The present set of experiments revealed an enhancement of phonetic convergence to shadowed speech that was facilitated by visible dynamic mouth articulation, consistent with previously reported visual enhancement effects of phonetic convergence within a live conversational setting (Dias & Rosenblum, 2011). The observed visual enhancement effects were observed only when shadowing speech presented in auditory noise, suggesting that visibility of speech articulation can compensate for the masking effect that noise has on the availability of the information to which perceivers phonetically converge. That visible speech articulation can compensate for the reduction in phonetic convergence when participants shadow speech in noise suggests that the information to which perceivers converge is available across sensory modalities, perhaps taking the form of gestural speech information.

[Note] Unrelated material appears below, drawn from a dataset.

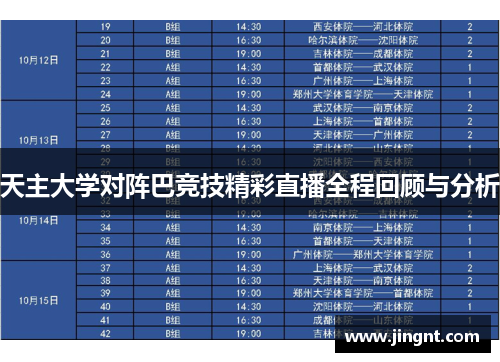 天主大学对阵巴竞技精彩直播全程回顾与分析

We must point out some limitations imposed by using a sample of female participants shadowing the speech of a single female model. As we previously discussed, we chose to use this design in part to be consistent with the gender-matched design of our original investigation of the visual enhancement of auditory phonetic convergence (Dias & Rosenblum, 2011). However, as we discussed in the introduction, contrasting findings pertaining to gender differences in phonetic convergence (e.g., R. M. Miller et al., 2010; Namy et al., 2002; Pardo, 2006; Pardo et al., 2014; Pardo et al., 2013) and the variability in phonetic convergence among individual perceivers (e.g., R. M. Miller et al., 2010; Namy et al., 2002; Pardo et al., 2013) were also determining factors in choosing the present design. It was not our intent in the present investigation to address the issue of individual differences in phonetic convergence. Instead, our goal was to examine whether visual speech influences on auditory phonetic convergences (previously observed between female conversational partners; Dias & Rosenblum, 2011) can be explained, at least in part, by visible speech information.

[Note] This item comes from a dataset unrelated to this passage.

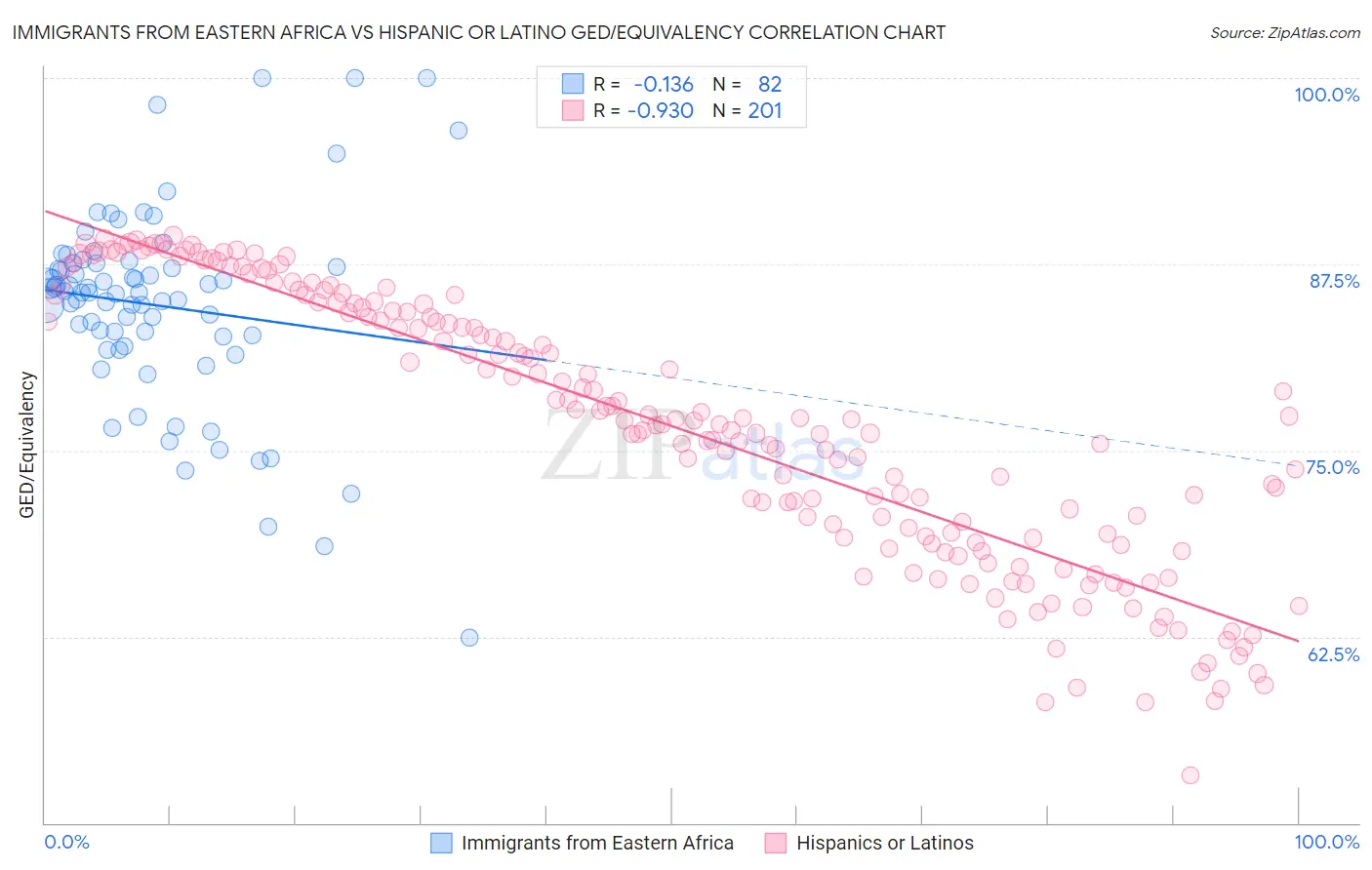 Immigrants from Eastern Africa vs Hispanic or Latino GED/Equivalency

However, we cannot discount the possibility that our observed visual, lexical, and phonetic convergence effects are the result of idiosyncratic characteristics associated with our female model. Nor can we discount the possibility that these effects would be different for male shadowers. However, there is plenty of precedence to suggest that our observed effects would generalize to other diverse samples of models and shadowers of both genders. Within the speech literature, robust visual (for reviews, see Fowler, 2004; Rosenblum, 2008) and lexical (for a review, see Luce & McLennan, 2005) influences on auditory speech perception are reported across diverse samples of models and participants, with many studies employing stimuli derived from a single model talker (e.g., Brancazio, 2004; Erber, 1971; Luce, Pisoni, & Goldinger, 1990; Remez et al., 1998; Rosenblum et al., 1996; Ross et al., 2007; Tye-Murray, Sommers, & Spehar, 2007). Within the phonetic convergence literature (much of which is cited in this article), automatic imitation of perceived speech has been observed across studies employing diverse samples of models, shadowers, and conversational partners. In fact, many of these studies also employed test stimuli derived from a single model talker (e.g., Babel, 2010; Babel & Bulatov, 2012; Honorof, Weihing, & Fowler, 2011; Nielsen, 2011; Sanchez et al., 2010) and measured samples composed only of male (e.g., Pardo et al., 2012) or female (e.g., Delvaux & Soquet, 2007; Sanchez et al., 2010) participants. Still, future work should investigate whether the visual enhancement effects on auditory phonetic convergence observed here will generalize across different samples of talkers and perceivers.